Afterward, Jackson founded a nonprofit to distribute the funds. The Fostering Success Act Inc.’s website states that all donated money goes directly to foster youth for college-related expenses including housing, counseling, transportation and food, and that overhead costs are covered by an unnamed “outside donor.”
According to its most recent publicly available tax filings, Fostering Success Act Inc. reported revenue of more than $11 million in 2024.
While positioning himself in the governor’s race as a political outsider, Jackson’s vast personal wealth has allowed him to access and influence state political circles for years.
During his candidacy announcement in February, Jackson told a story about a lawmaker who once told him he had never heard anyone bring up foster care at the state Capitol before Jackson.
“Right then, I committed to doing everything I could to help those without a voice,’’ Jackson said. “And together, we passed a bill that today helps 500 people who aged out of foster care to go to college. Now they have a real chance to break the cycle of dependency and poverty.’’
At times, though, Jackson’s policy pursuits and business dealings have drawn controversy.
In 2014, he advocated for a contentious bill that called for dismantling the state’s child welfare system and privatizing foster care. He set up a special session to educate lawmakers about Florida’s decision to privatize after being rocked by high-profile child deaths.
“Georgia’s foster care system is certainly not the mess that Florida was, but we know that private, local care can produce much better outcomes and prevent the kinds of tragedies that Florida experienced,” Jackson testified before senators at the time.

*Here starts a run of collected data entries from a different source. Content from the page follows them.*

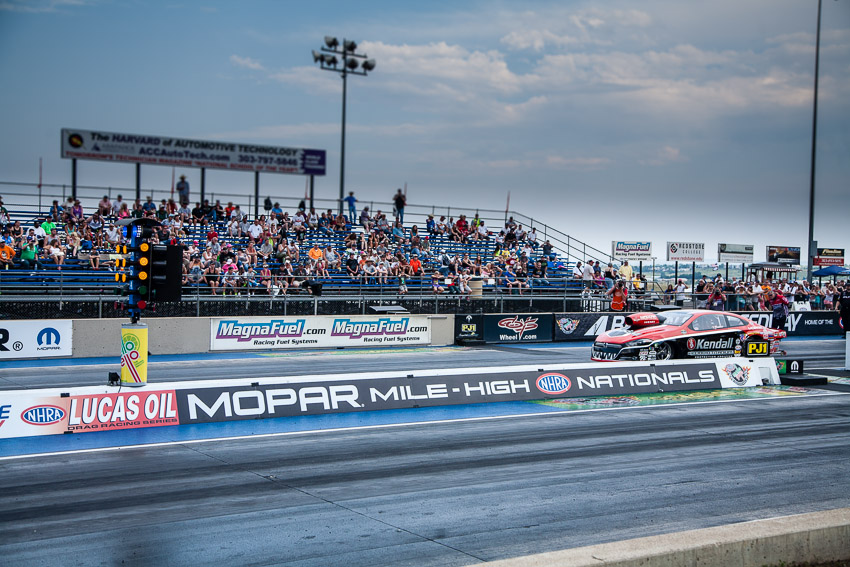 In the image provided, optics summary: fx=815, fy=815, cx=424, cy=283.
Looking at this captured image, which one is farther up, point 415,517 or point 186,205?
point 186,205

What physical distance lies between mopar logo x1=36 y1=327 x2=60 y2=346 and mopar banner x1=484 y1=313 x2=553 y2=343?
13.9 meters

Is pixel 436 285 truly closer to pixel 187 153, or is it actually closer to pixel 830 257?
pixel 187 153

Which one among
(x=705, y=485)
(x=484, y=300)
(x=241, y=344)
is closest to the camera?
(x=705, y=485)

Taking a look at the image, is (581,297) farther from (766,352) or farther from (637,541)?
(637,541)

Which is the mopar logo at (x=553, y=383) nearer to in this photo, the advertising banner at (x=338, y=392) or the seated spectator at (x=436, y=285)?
the advertising banner at (x=338, y=392)

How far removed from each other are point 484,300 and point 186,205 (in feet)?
41.2

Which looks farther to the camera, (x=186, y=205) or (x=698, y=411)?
(x=186, y=205)

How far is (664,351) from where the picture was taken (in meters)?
20.7

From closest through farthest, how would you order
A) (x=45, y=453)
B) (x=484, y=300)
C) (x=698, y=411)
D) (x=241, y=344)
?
(x=45, y=453), (x=698, y=411), (x=241, y=344), (x=484, y=300)

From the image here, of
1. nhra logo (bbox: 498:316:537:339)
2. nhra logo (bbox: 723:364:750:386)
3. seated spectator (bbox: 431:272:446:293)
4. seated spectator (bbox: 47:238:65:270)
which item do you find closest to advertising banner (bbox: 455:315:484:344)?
nhra logo (bbox: 498:316:537:339)

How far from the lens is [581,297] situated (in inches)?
1323

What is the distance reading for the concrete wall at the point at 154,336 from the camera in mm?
22516

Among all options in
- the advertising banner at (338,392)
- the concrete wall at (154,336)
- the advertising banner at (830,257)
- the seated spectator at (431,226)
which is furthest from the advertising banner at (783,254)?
the concrete wall at (154,336)

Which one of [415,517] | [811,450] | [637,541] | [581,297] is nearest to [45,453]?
[415,517] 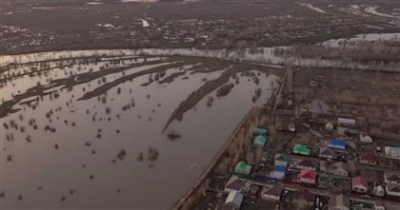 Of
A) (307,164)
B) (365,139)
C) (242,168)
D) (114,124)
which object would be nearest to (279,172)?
(307,164)

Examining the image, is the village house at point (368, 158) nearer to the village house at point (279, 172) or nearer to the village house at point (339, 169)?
the village house at point (339, 169)

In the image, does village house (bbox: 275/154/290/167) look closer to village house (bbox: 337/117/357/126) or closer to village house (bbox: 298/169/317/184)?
village house (bbox: 298/169/317/184)

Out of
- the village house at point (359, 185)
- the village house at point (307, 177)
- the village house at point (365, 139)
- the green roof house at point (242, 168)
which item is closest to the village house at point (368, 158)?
the village house at point (365, 139)

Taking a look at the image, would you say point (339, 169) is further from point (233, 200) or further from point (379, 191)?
point (233, 200)

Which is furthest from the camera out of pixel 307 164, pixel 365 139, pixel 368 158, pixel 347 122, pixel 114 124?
pixel 114 124

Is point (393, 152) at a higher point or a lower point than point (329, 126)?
lower

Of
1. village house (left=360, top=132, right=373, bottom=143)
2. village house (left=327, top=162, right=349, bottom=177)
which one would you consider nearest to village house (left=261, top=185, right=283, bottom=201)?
village house (left=327, top=162, right=349, bottom=177)
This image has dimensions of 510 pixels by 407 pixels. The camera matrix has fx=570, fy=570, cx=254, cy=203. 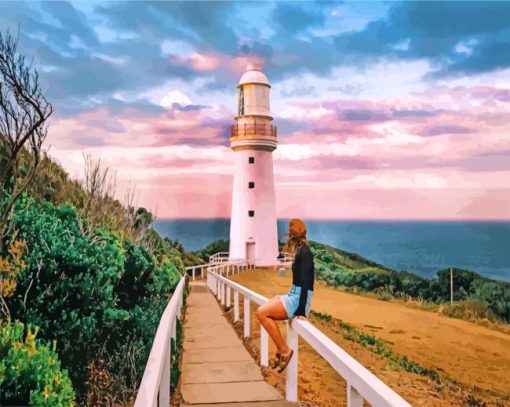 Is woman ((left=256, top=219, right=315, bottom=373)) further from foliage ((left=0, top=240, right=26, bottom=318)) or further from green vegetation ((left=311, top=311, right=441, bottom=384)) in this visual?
green vegetation ((left=311, top=311, right=441, bottom=384))

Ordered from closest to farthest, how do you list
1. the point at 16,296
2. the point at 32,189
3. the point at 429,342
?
the point at 16,296 → the point at 32,189 → the point at 429,342

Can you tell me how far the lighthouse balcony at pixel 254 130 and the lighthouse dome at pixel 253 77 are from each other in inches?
105

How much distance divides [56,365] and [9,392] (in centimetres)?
36

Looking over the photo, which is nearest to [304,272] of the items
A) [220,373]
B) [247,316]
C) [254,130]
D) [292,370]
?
[292,370]

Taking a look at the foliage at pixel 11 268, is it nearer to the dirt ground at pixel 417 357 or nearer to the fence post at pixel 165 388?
the fence post at pixel 165 388

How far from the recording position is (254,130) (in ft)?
115

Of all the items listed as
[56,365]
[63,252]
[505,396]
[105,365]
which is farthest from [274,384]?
[505,396]

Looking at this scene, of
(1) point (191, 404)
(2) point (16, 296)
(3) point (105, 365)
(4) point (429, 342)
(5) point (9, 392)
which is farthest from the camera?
(4) point (429, 342)

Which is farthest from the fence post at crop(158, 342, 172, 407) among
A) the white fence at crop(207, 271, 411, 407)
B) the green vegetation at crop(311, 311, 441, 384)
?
the green vegetation at crop(311, 311, 441, 384)

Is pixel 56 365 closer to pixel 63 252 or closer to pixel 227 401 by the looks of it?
pixel 63 252

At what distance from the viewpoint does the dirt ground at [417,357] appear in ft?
24.3

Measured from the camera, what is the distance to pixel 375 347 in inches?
440

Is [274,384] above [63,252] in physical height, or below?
below

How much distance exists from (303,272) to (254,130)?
97.4ft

The proposed legislation would have put out for bid most child welfare services — including adoptions, foster care and family reunification — to community-based providers. Since 2008, Jackson has been a board member and “investor and partner” of one of those Georgia-based providers, FaithBridge Foster Care Inc., which claims to be the state’s largest Christian-based foster care and adoption agency. He currently serves as the nonprofit’s board chairman. In February, FaithBridge was listed as one of 35 Georgia organizations that receive funds from the Fostering Success Act tax credit.
Ultimately, the privatization bill did not pass. Some lawmakers and child welfare advocates called the proposal a rushed effort, and argued that outsourcing services could end up being a costly endeavor that wouldn’t necessarily provide better services for children.
Democrat Rep. Mary Margaret Oliver said at the time that privatizing hundreds of millions of taxpayers dollars would be a mistake when lawmakers didn’t have “any real vision of what’s going to be accomplished.’’
More recently, Jackson’s political ties have raised questions about his having benefitted financially from contracts with the state government: An analysis in February by the nonprofit news site Healthbeat Atlanta found that Jackson’s companies have been paid nearly $1 billion by state agencies since 2020. Those deals include a lucrative COVID-era contract under which his company supplied healthcare providers to over 50 hospitals and 80 nursing homes across Georgia, according to the Georgia Recorder. At the time, critics questioned the lack of a bidding process.
The recent scrutiny prompted Jackson to tell The Atlanta Journal-Constitution in March that if elected, he would “work responsibly to unwind any existing contracts” between the state and Jackson Healthcare.